2) Les sociétés commerciales par la forme
En principe, une société n’est commerciale que si son objet est commercial. Toutefois, certaines sociétés sont commerciales par leur forme, même si leur activité n’est pas commerciale (ex : SARL, SA, SAS)
C. Les actes de commerce par accessoire
Cette catégorie repose sur le principe que l’accessoire suit le principal. Par exemple, si un commerçant accomplit un acte qui ne serait pas commercial en soi, mais qu'il est effectué dans le cadre de son activité commerciale, cet acte est considéré comme un acte de commerce.
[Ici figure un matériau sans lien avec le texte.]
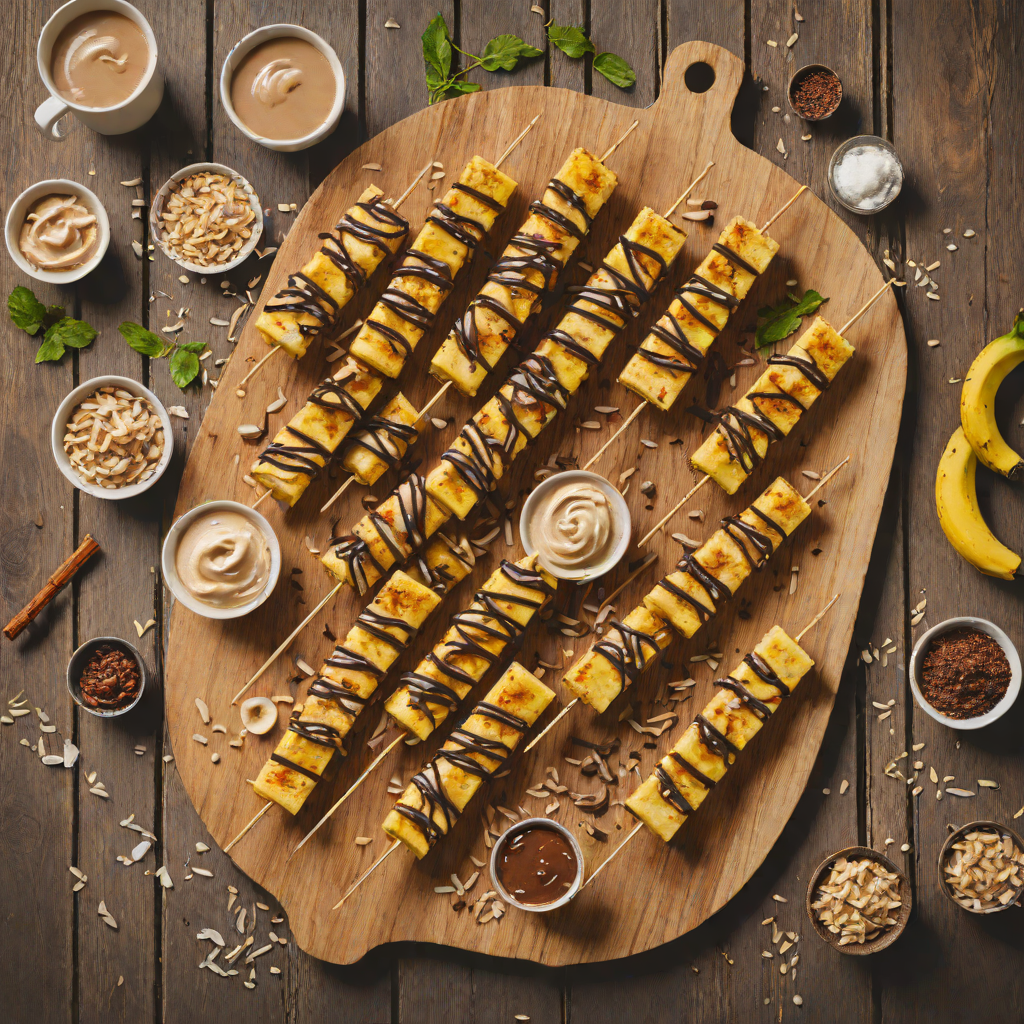 Grilled Banana and Chocolate Bar Skewers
L'acte doit donc être lié à l’activité professionnelle du commerçant.
II. Les critères de l'acte de commerce
Critère de l'entremise : Un acte est commercial s'il fait partie de la circulation des biens entre le producteur et le consommateur. Cela exclut les opérations de production agricole et la consommation directe.
Critère de la spéculation : Un acte est commercial lorsqu'il vise un profit. Toutefois, ce critère est insuffisant car il existe des entreprises non commerciales à but non lucratif.
Critère de l'entreprise : Le plus pertinent, ce critère fait référence aux actes réalisés dans le cadre d'une entreprise, notamment pour les actes accomplis de manière répétée et professionnelle.
III. Le régime juridique des actes de commerce
La qualification d'un acte comme acte de commerce a des conséquences juridiques importantes.
A. La preuve des actes de commerce
- Le principe : En droit commercial, le principe est celui de la liberté de la preuve. Cela contraste avec le droit civil, où les actes impliquant des sommes supérieures à 1500 euros doivent généralement être prouvés par écrit.
- Les exceptions à la liberté de la preuve : Certains actes de commerce, comme les contrats de vente ou de nantissement, doivent impérativement être écrits. De plus, dans un acte mixte, le non-commerçant peut prouver l'acte par tout moyen, tandis que le commerçant doit respecter les règles du droit civil.
IV. Les actes mixtes
Les actes mixtes impliquent des parties ayant des statuts différents : l'une des parties est commerçante, l'autre non. Bien que ce type d'acte ne soit pas spécifiquement abordé dans le Code de commerce, il est couramment observé, notamment dans les ventes au détail ou les contrats de bail commercial. La mixité s’applique aussi aux délits et quasi-contrats, où le statut juridique des parties détermine les règles applicables.
La distinction entre les actes de commerce, qu'ils soient par nature, par la forme ou par accessoire, permet de mieux comprendre les diverses opérations commerciales et les régimes juridiques qui leur sont associés. La jurisprudence et la législation ont évolué pour s’adapter aux réalités modernes du commerce, en particulier avec les actes mixtes et les règles de preuve.